Der zweite Teil orientiert die Leserinnen und Leser auf mediale Mündlichkeit; mediale Schriftlichkeit; Wortgestalt, Rhythmus, Musik; Bewegen, Handeln und dramapädagogische Grammatikvermittlung. Unter dem jeweiligen Fokus, z.B. der medialen Mündlichkeit finden sich Buchkapitel, die ausgewählte Bereiche vorstellen, so z.B. Bilder(bücher) und Emotionen als Sprech- und Erzählanlässe (Kapitel fünf: Eveline Einhauser) oder mehrsprachiges Kamishibai (Kapitel sechs: Guylène Colpron, Mechthild Dörfler, Carmen Sorgler). So werden zu bestimmten Themen Expertisen von weiteren Autor:innen eingeholt.

Umfasst der erste Teil der Publikation zu theoretischen Grundfragen und Einordnungen 131 Seiten, ist der zweite Teil mit didaktisch-methodischen Beispielen und Umsetzungsmöglichkeiten mit 289 Seiten ungleich umfassender. Insgesamt haben an diesem Werk 15 Autorinnen und Autoren mitgewirkt. Es ist ein weites Spektrum unterschiedlichster didaktisch-methodischer Möglichkeiten abgebildet, das sowohl für die weitere theoretische Auseinandersetzung, z. B. im Kontext von Inklusion unzählige Anregungen gibt als auch einlädt, in der konkreten Schul- und Unterrichtspraxis Ideen umzusetzen und ggf. zu evaluieren.
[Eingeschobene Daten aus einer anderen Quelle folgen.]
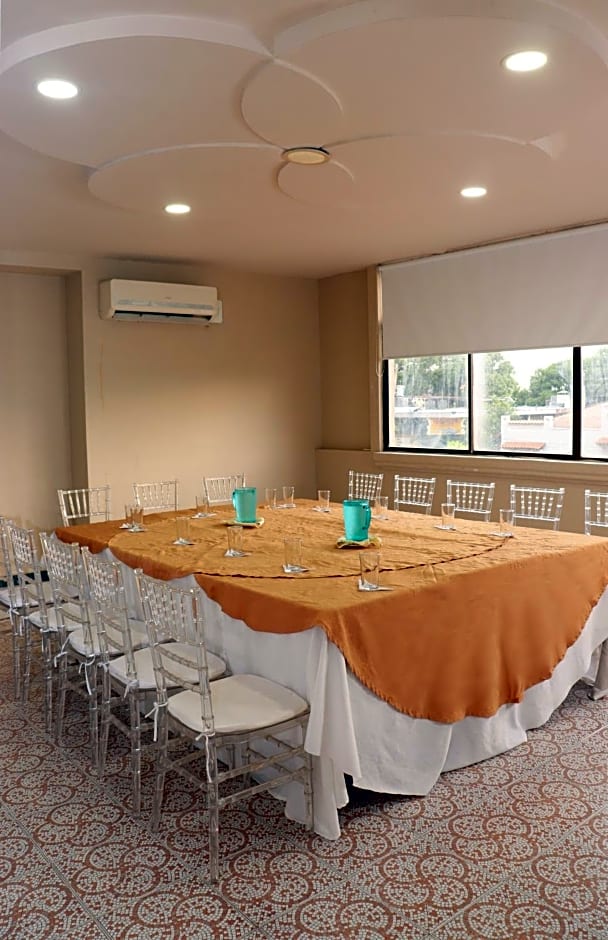 Hotel Ayenda Casa Ballesteros 1318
Weiteres Material steht als Download zur Verfügung. Eine umfassende Literaturliste regt dazu an, weiter und vertiefend zu lesen. Durch ein Register wird die Orientierung im 454 Seiten umfassenden Werk sehr erleichtert. Insgesamt betrachtet ist das vorliegende Lehr- und Praxisbuch dem angezielten Personenkreis sehr zu empfehlen. Es kann selbstständig damit gearbeitet werden. Durch Aktivierung zu Beginn jedes Grundlagenkapitels, Erklärungen grundlegender Konzepte, Theorien und Modelle, durch Aufgaben mit unterschiedlichem Schwierigkeitsanspruch ist das Lehrbuch für ein Selbststudium ebenso geeignet, wie für den Einsatz in heterogenen Gruppen. Das Lehr- und Praxisbuch ist durchweg (sprach-) heterogenitätssensibel angelegt. Das bietet wiederum Potentiale für Modifikationen in inklusiven pädagogischen Kontexten, die neben der Sprache weitere Heterogenitätsdimensionen umfassen. Insofern ist das Lehr- und Praxisbuch sowohl für zukünftige Forschung als auch die Praxis nicht hoch genug zu würdigen.